Yes, the world—or a good part of America—was watching them. The NRA was watching, feeling gentle tugs on their high horse, the giant they turned into sometime in the 1970s, when it became less and less about gun safety and more about profiting at the nation's expense in every sense of the word. Scant retailers have stopped bowing down to them. Laws were passed in Florida that have the potential to impact their business. And, as the days to November dwindle down, senators like Mr. Rubio will have to decide what is more important, keeping their job which involves getting money from the NRA, or maybe having to do with a few hundred thousand less and actually listening to their constituents.

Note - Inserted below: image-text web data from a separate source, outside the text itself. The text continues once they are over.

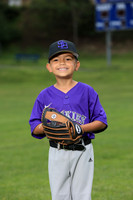 JrPWRockies00002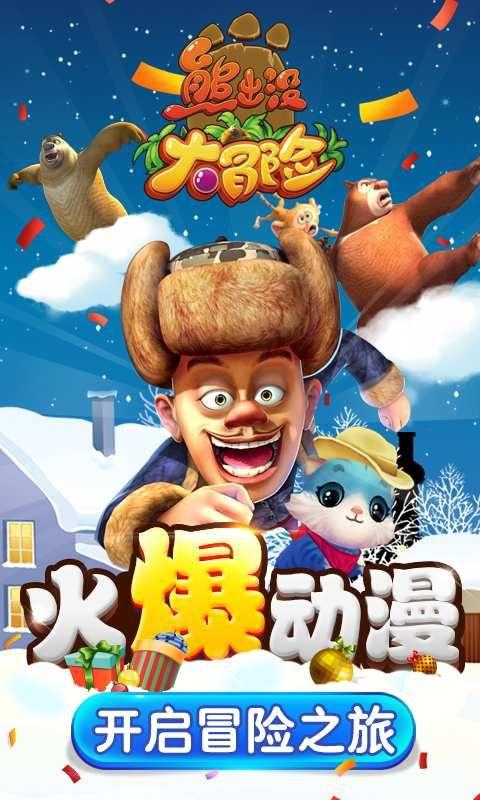 有哪些适合一个人旅游而且人少冷门风景好还能住一段时间的地方?有问必答平台-快速解答各类问题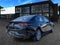 2019 Mazda Mazda3 Preferred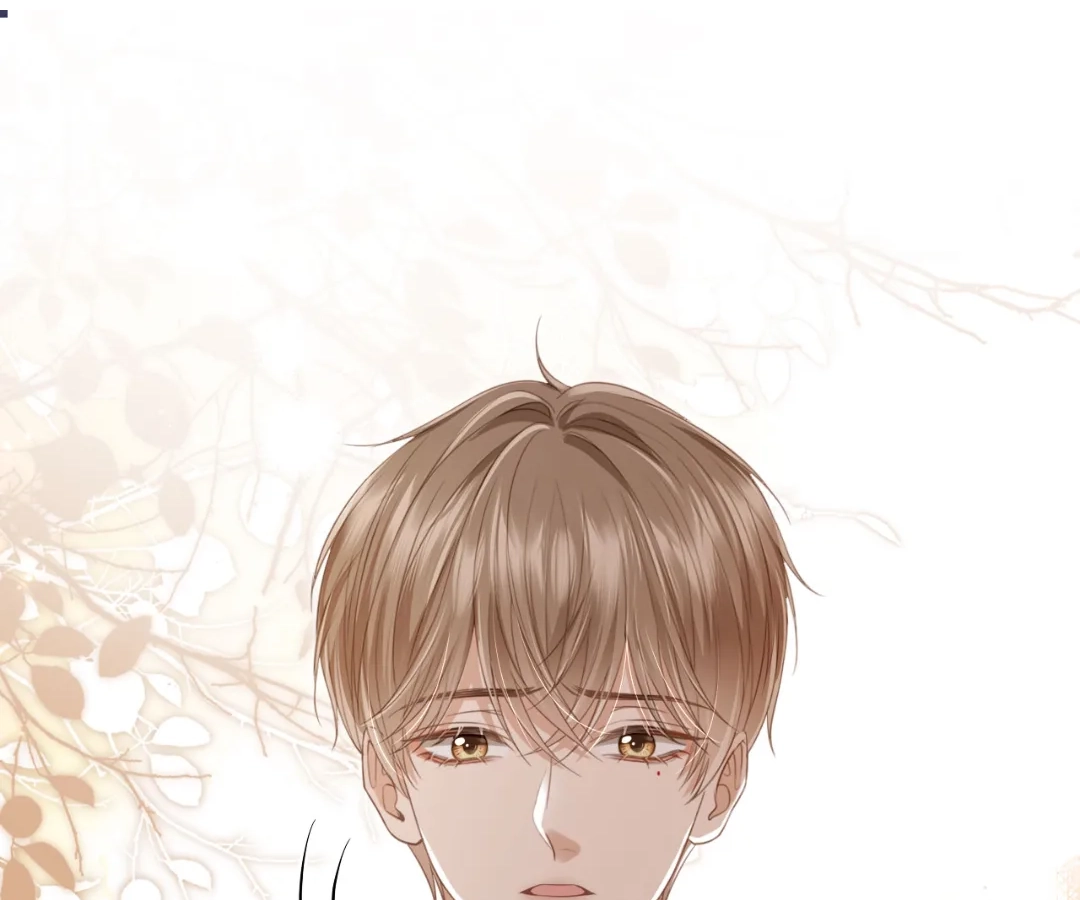 The Substitute Wins His Heart [Official] - Chapter 20 manhwa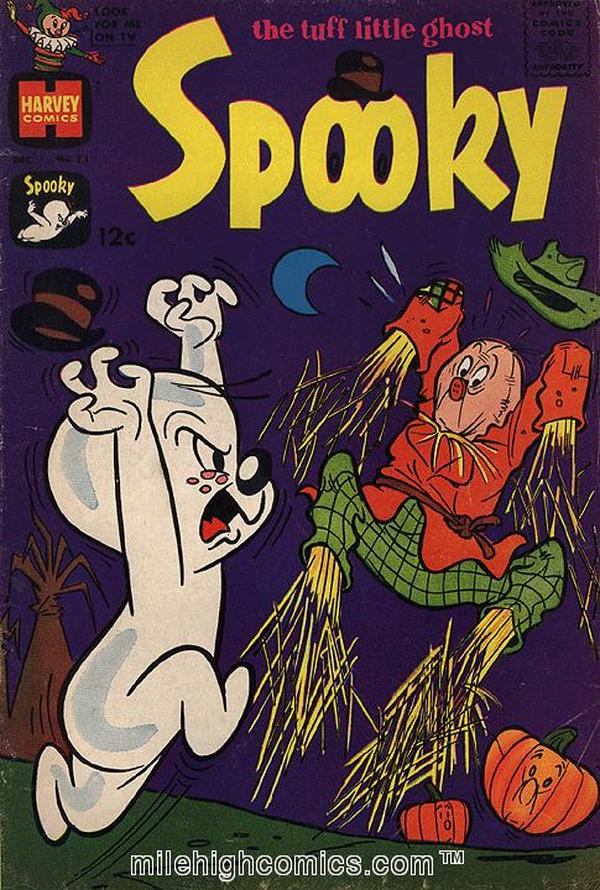 #71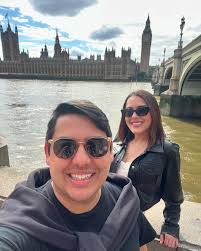 Guilherme Borges (@guilhermerborges) • Instagram photos and videos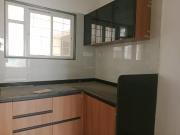 2 BHK Apartment in Chinchwad for rent Pune. The...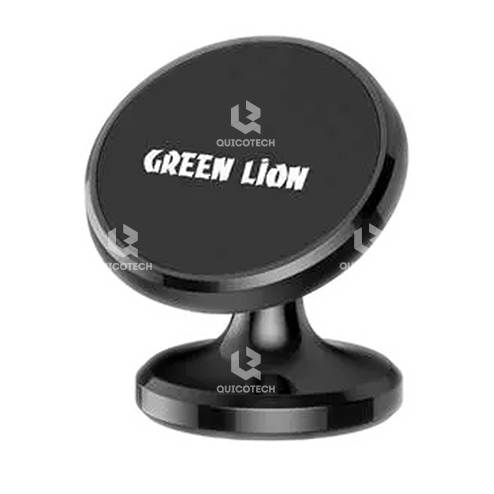 GREEN LION Mini Car Holder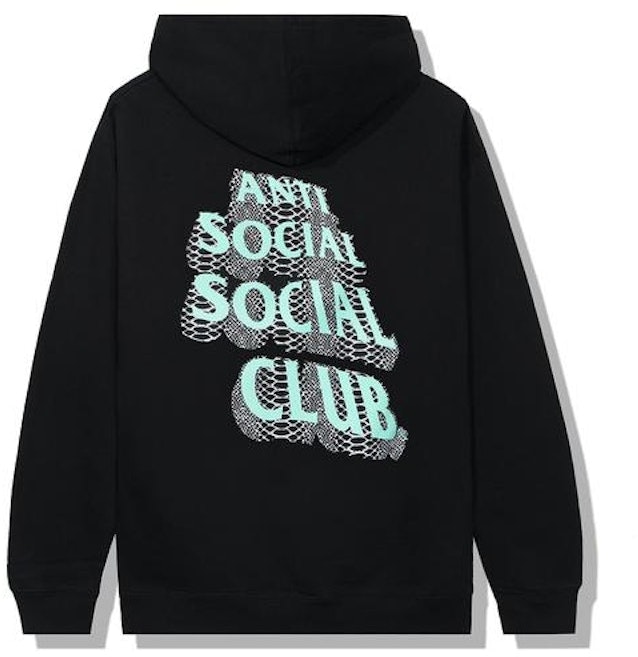 anti-social-social-club-costumes-hoodie-black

It's a simple proposition, one that lawmakers are doing their best to obfuscate; vote for legislation banning military-style weapons, for universal background checks, or be voted out of office.

Following a comprehensive gun control act in 1968, the regulation of sale, availability, and requirements to own and carry a gun have been loosened and tightened. It depends on the political landscape, who's in office, the need for lobbies and special interests. Since the mid-'70s the NRA has run the show, quite literally, with at least 5, 000 gun shows having taken place in the U.S. annually in recent years. The gun show is the notorious loophole through which a background check is avoided, putting massive quantities of hand guns and assault weapons into circulation with no regard for in whose hands they ultimately rest. The gun show is the second amendment's biggest perversion. In reality, in a time when a common people were relied upon to police a state, a colony, a settlement, in a time when the common citizen comprised the militia, the second amendment was read in full. At gun shows private dealers sell to private citizens who have no intention—at that show—of using their gun in any militia. “For a well-regulated militia.....” What if that clause had come elsewhere in the text, if it had stood as an independent clause, less possible to discount. All readers, at least since the old west, when it was imperative to carry a gun, see is the gist, what they want out of the constitution, “The right to bear arms. A 2010 Supreme Court case—McDonald v. City of Chicago—ruled in favor of the second amendment, effectively condoning inter-city violence. It decided that a private citizen had a right to keep a bear a firearm under the due process clause of the Fourteenth Amendment. The clause requires a state to provide equal protection under the law for all citizens. What are the militia, the police, the executive branch of government?

The impossible dream

The second amendment, the “god-given” right to own a gun, presumably for protection, is not prohibition. That ten year “noble experiment” was the result of decades of work, driving religious revivals and temperance lectures, much to do by women, was a good idea at one time, perhaps. On all accounts, socially, economically, physically, prohibition was devastating and played a role in setting the stage for the Great Depression. In 13 years, 10 months and 19 days the eighteenth amendment was repealed by the twenty-first. Not unlike the alcohol, guns are in peoples' blood, not mine, but evidently an overwhelming majority of those from either side of the aisle, although in recent months that is on the tip of waning. Former SCOTUS justice John Paul Stevens proposes a repeal of the second amendment. As I, and many people I know, would sign to ratify such an amendment, I also think pushing for its total repeal would damage the nascent progress the March for Lives has started. Repeal is something, to me, delicious, to consider. But I also know our heritage, how long Americans have taken it for granted, squawked at the slightest infringement on their right to own a gun. The reprogramming of the human mind to concede to not being able to buy an assault weapon, to expect a background check to buy a gun as routinely as those for employment, is achievable. However the thought of never being able to posses a firearm of any kind I think is a pipe dream. It is an idea most Americans can't wrap their trigger conditioned fingers around. The result would be like we saw in 1933. If the twenty-eighth amendment repealed the second amendment, the twenty-ninth would repeal it. And if someday the constitution were amended, to carry no such clause, dependent or independent, misconstrued or thoroughly read, I'm guessing many of its opponents, at least on the illicit end of the gun trade, won't be around to see it.